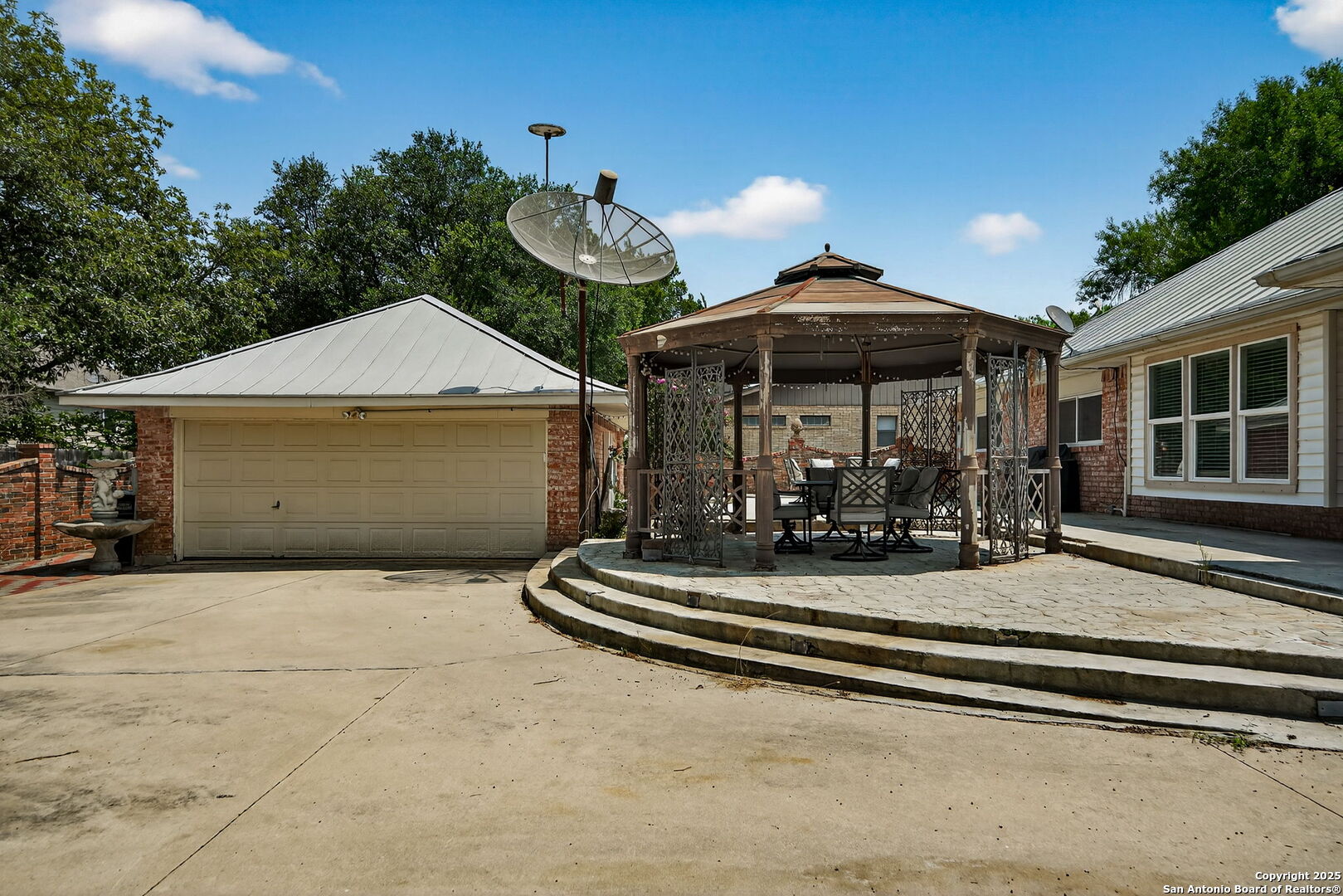 3413 Foxbriar Schertz TX 78108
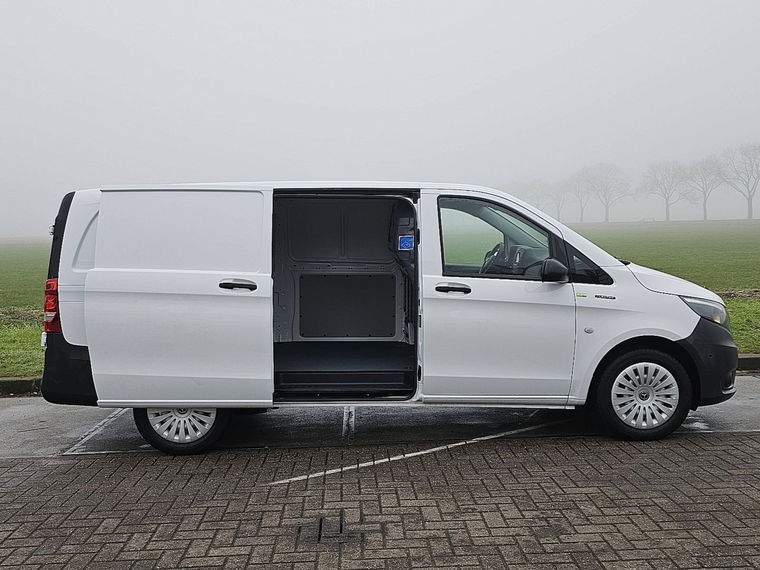 Mercedes-Benz eVito
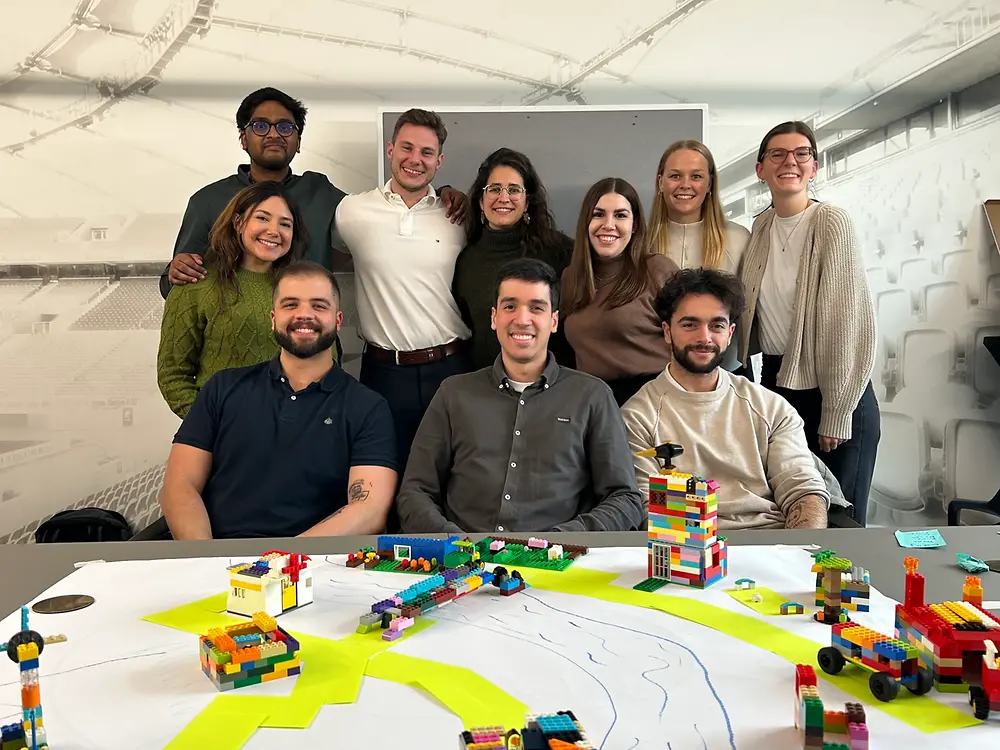 EU CHAiNGERS attending agility training focusing on teamwork, scrum methodology and iterative planning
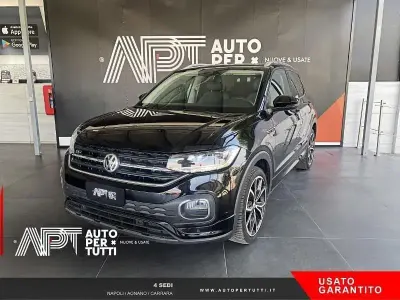 Usata VW T-Cross R-line 116 CV (85 kW) 2020 Nero SUV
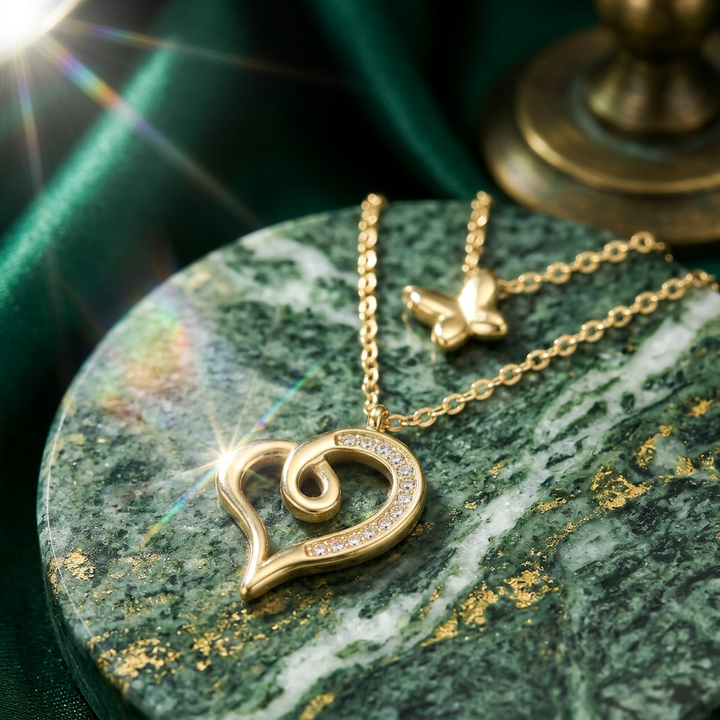 Sunburst Bloom Medallion Necklace – Waterproof 18k Gold Plated Stainless Steel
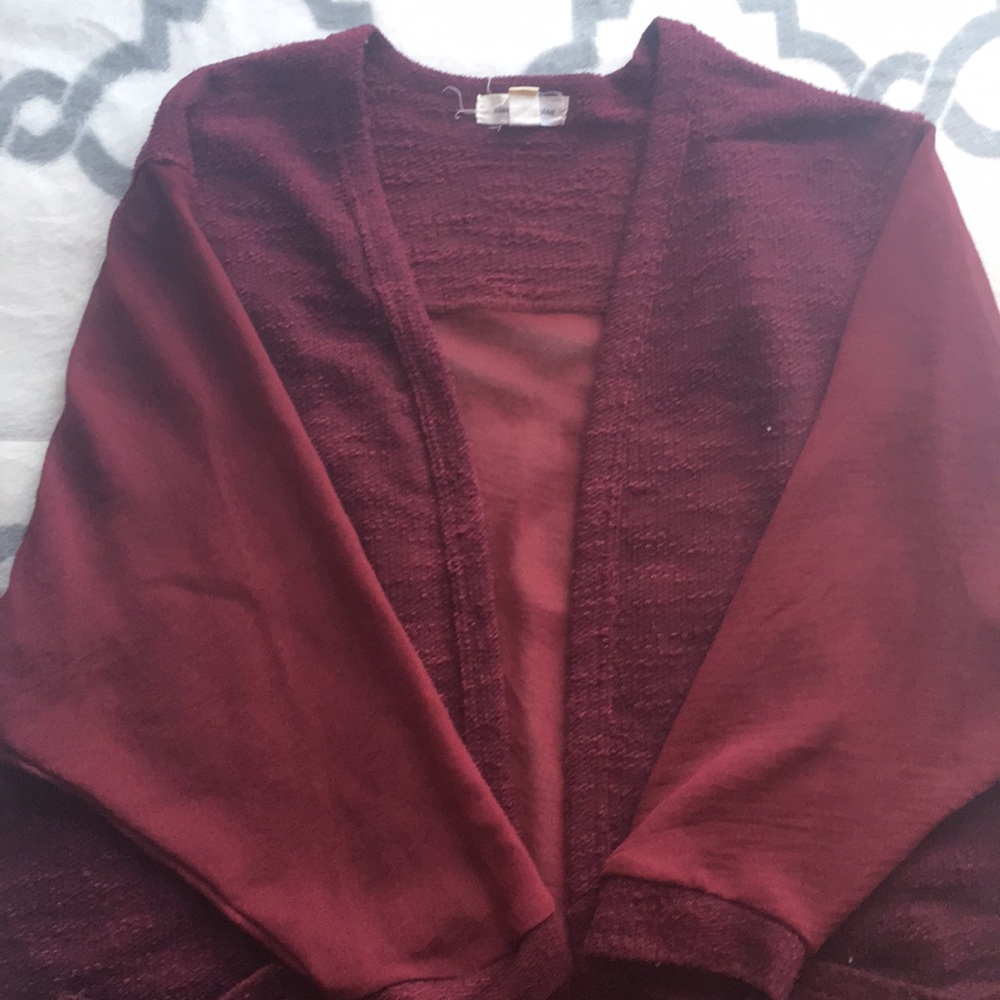 UO maroon top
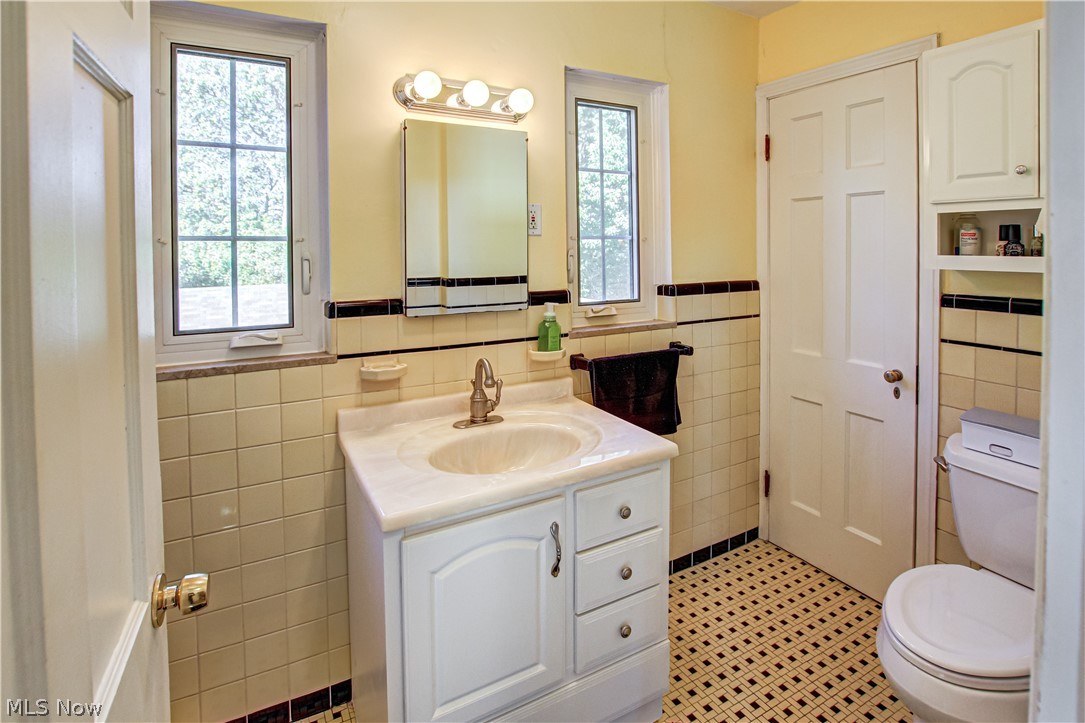 1250 Castleton Road Cleveland Heights, OH 44121 - Photo 26 of 33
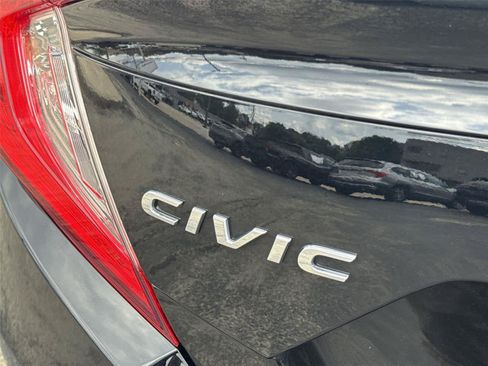 Used 2020 Honda Civic Sport image 11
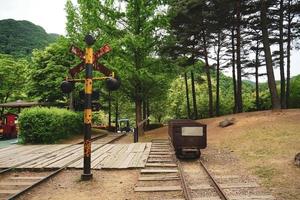 treinpad landschap in anyang park foto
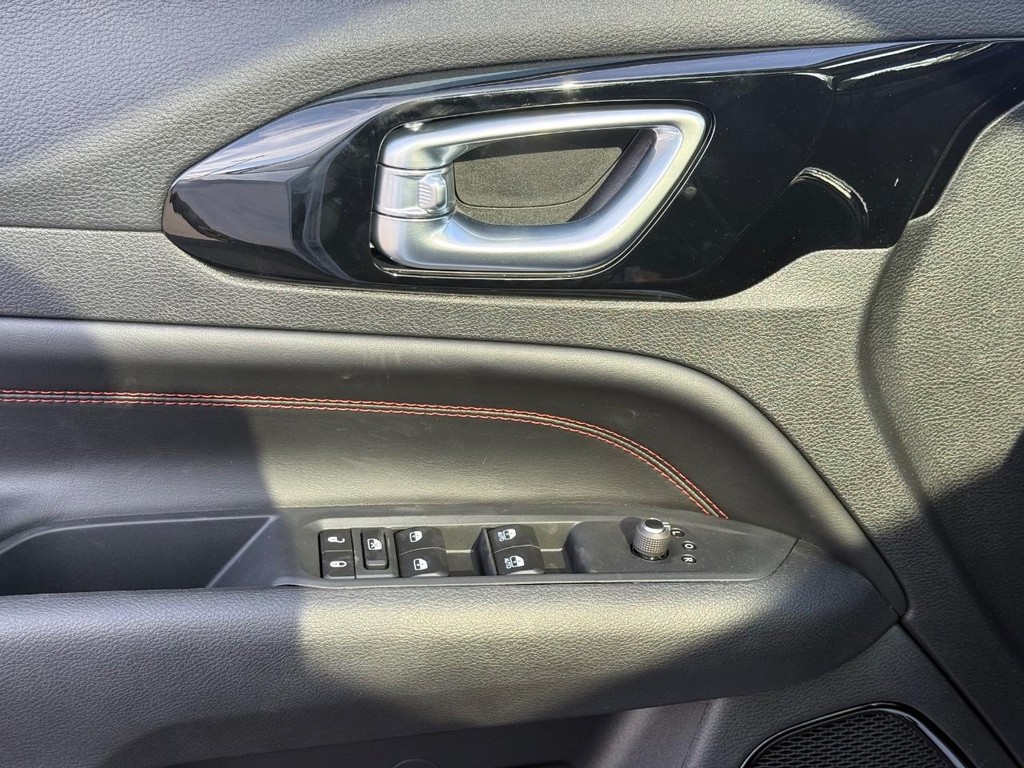 Jeep Compass Vehicle Full-screen Gallery Image 19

——————————

Your task is to reproduce exactly the lines running from the line that contains "treinpad landschap in anyang park foto" to the end of the records, pictures excluded.

 treinpad landschap in anyang park foto
 Jeep Compass Vehicle Full-screen Gallery Image 19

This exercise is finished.